TASK DIRECTIONS »
Your task is to retype, exactly and only, the lines from the one containing "9 Year Old Japanese" to the final line of the entries, leaving out all pictures.
BEGIN RECORD EXTRACTS
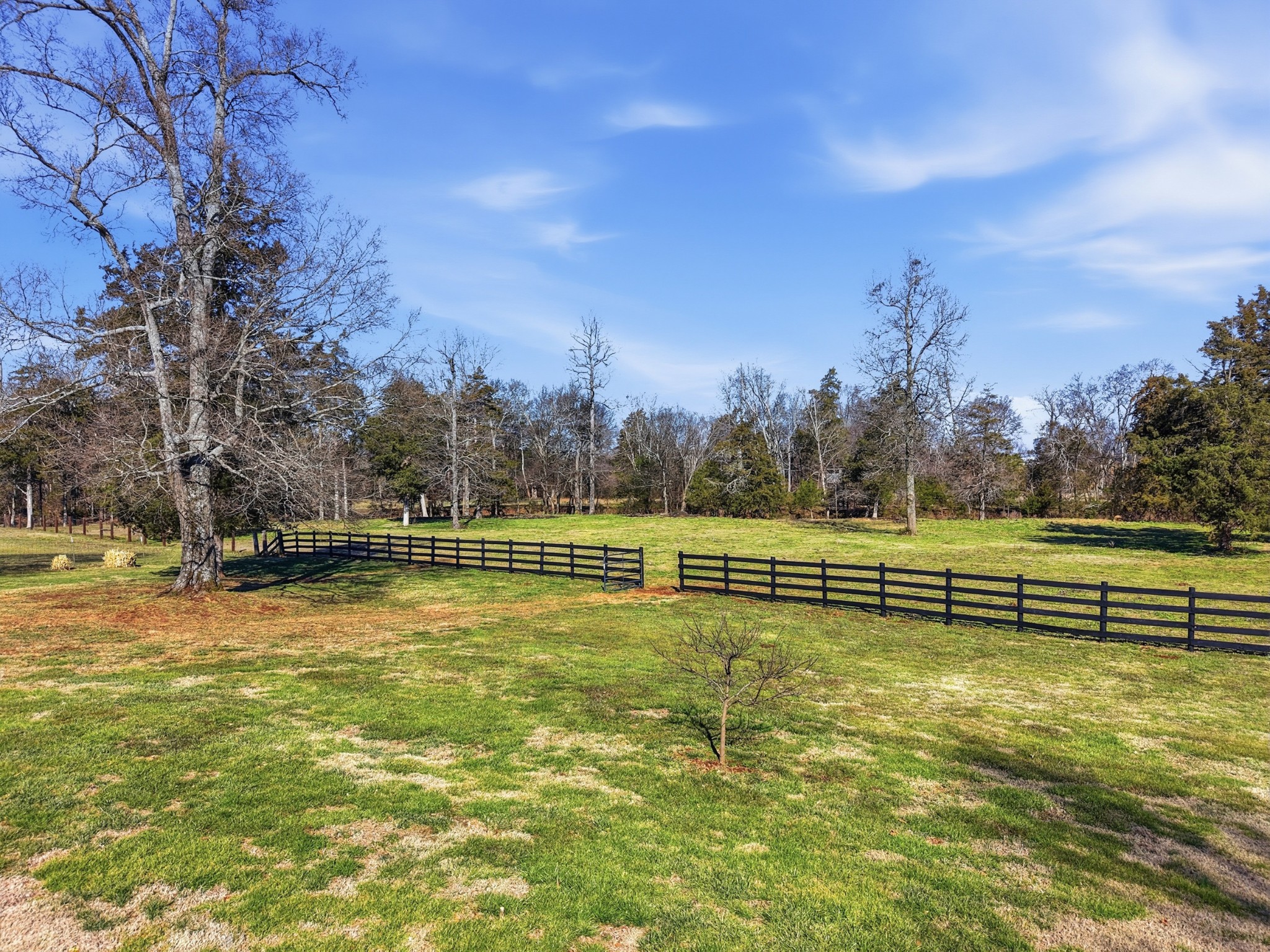 1001 Williams Street Decherd, TN 37324 - Photo 68 of 71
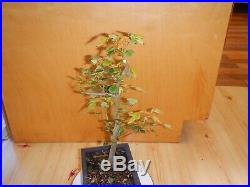 9 Year Old Japanese Trident Maple Acer Buergerianum 5/8 Inch Bonsai Fall Color
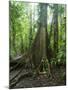 Vegetation in the Rain Forest, Tortuguero National Park, Costa Rica, Central America-R H Productions-Mounted Photographic Print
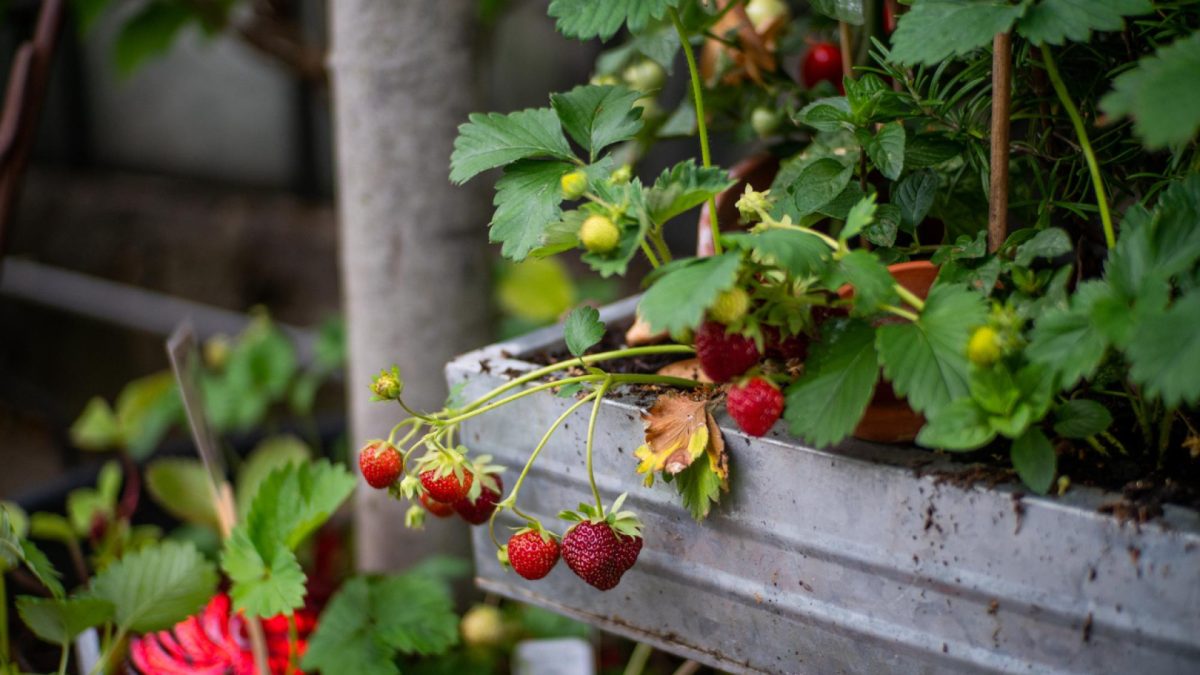 Planter des fraisiers : pourquoi c’est une excellente idée ?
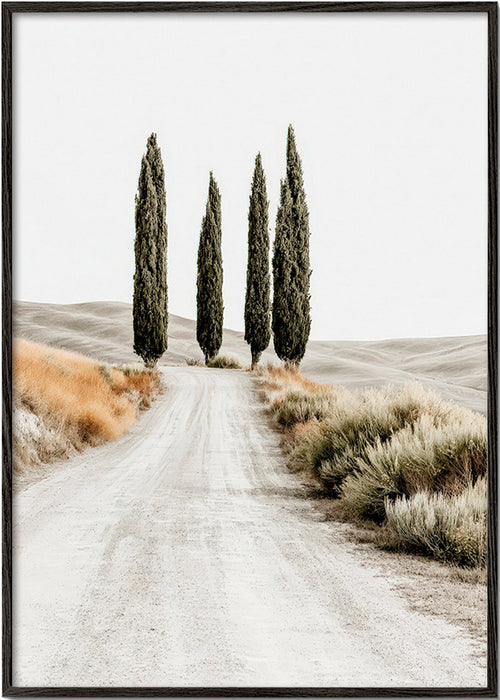 Cuadro de paisaje con cipreses en camino sereno – Black Frame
END RECORD EXTRACTS
RESULT FOR THIS EXERCISE »
 9 Year Old Japanese Trident Maple Acer Buergerianum 5/8 Inch Bonsai Fall Color
 Vegetation in the Rain Forest, Tortuguero National Park, Costa Rica, Central America-R H Productions-Mounted Photographic Print
 Planter des fraisiers : pourquoi c’est une excellente idée ?
 Cuadro de paisaje con cipreses en camino sereno – Black Frame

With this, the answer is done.